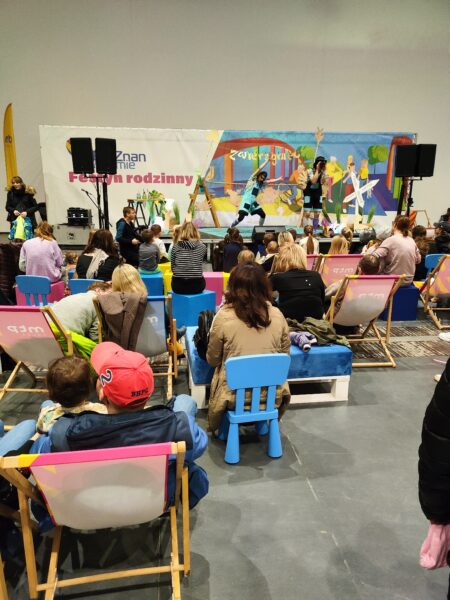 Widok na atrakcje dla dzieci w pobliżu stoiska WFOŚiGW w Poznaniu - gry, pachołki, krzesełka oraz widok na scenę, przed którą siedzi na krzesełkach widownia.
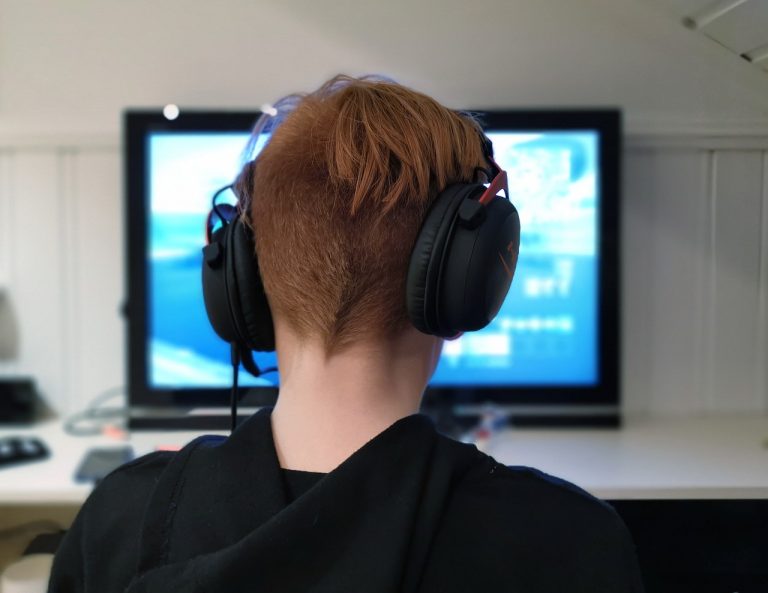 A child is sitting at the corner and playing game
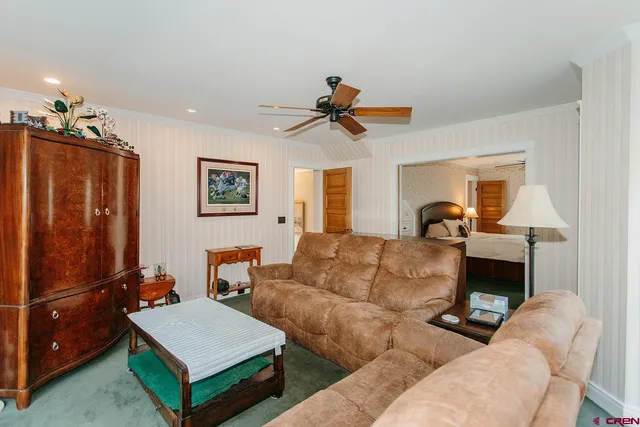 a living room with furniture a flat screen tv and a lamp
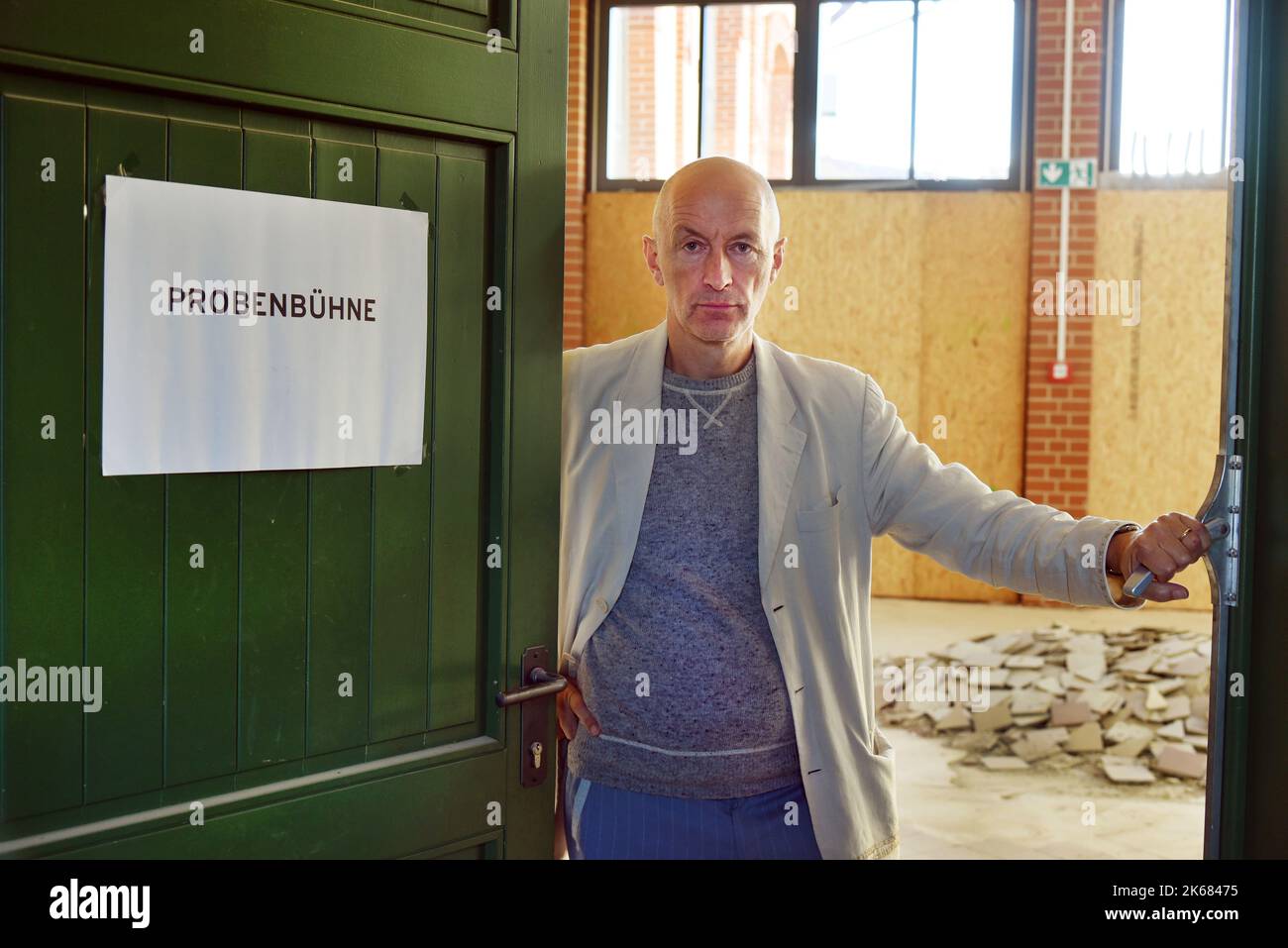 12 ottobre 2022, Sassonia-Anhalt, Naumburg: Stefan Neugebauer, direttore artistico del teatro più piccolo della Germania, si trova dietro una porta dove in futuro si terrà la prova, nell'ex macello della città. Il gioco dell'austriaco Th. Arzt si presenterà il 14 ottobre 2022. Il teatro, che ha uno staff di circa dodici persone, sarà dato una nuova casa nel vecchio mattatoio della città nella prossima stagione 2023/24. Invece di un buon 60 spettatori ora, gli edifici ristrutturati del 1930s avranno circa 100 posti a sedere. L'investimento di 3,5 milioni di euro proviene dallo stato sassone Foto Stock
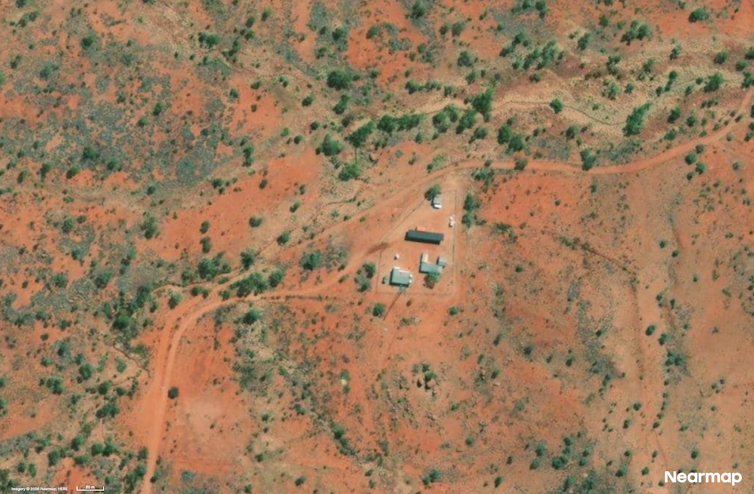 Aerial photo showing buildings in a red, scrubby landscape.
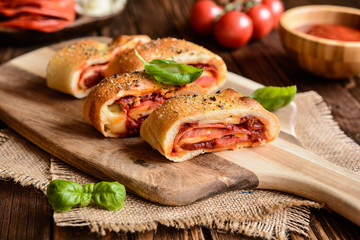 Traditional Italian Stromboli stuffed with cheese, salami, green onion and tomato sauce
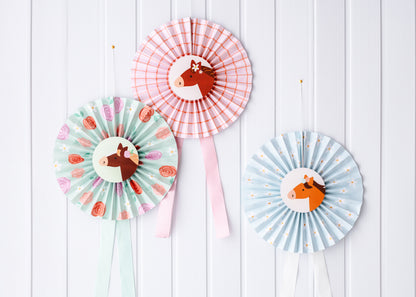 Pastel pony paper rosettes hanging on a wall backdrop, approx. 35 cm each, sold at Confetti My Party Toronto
::::::
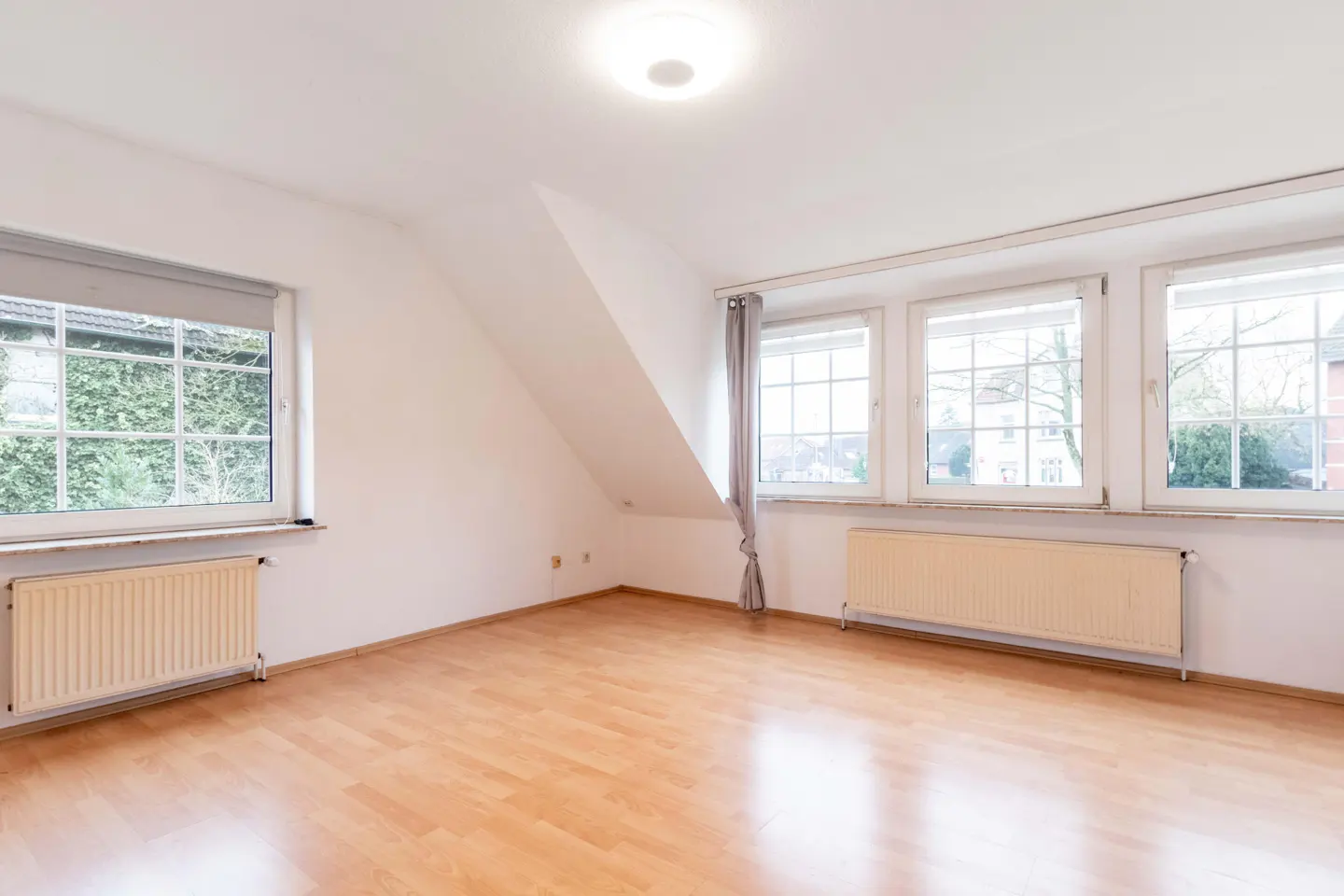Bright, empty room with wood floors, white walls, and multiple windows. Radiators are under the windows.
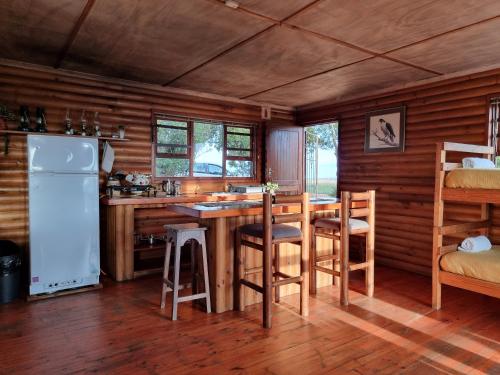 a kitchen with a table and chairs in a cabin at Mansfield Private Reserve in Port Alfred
::::::
[TASK TO CARRY OUT]: With pictures omitted, repeat the entries above word for word from the line holding "Traditional Italian Stromboli" down to the line holding "Pastel pony paper", keeping both of those lines.

[FINISHED TASK]:
 Traditional Italian Stromboli stuffed with cheese, salami, green onion and tomato sauce
 Pastel pony paper rosettes hanging on a wall backdrop, approx. 35 cm each, sold at Confetti My Party Toronto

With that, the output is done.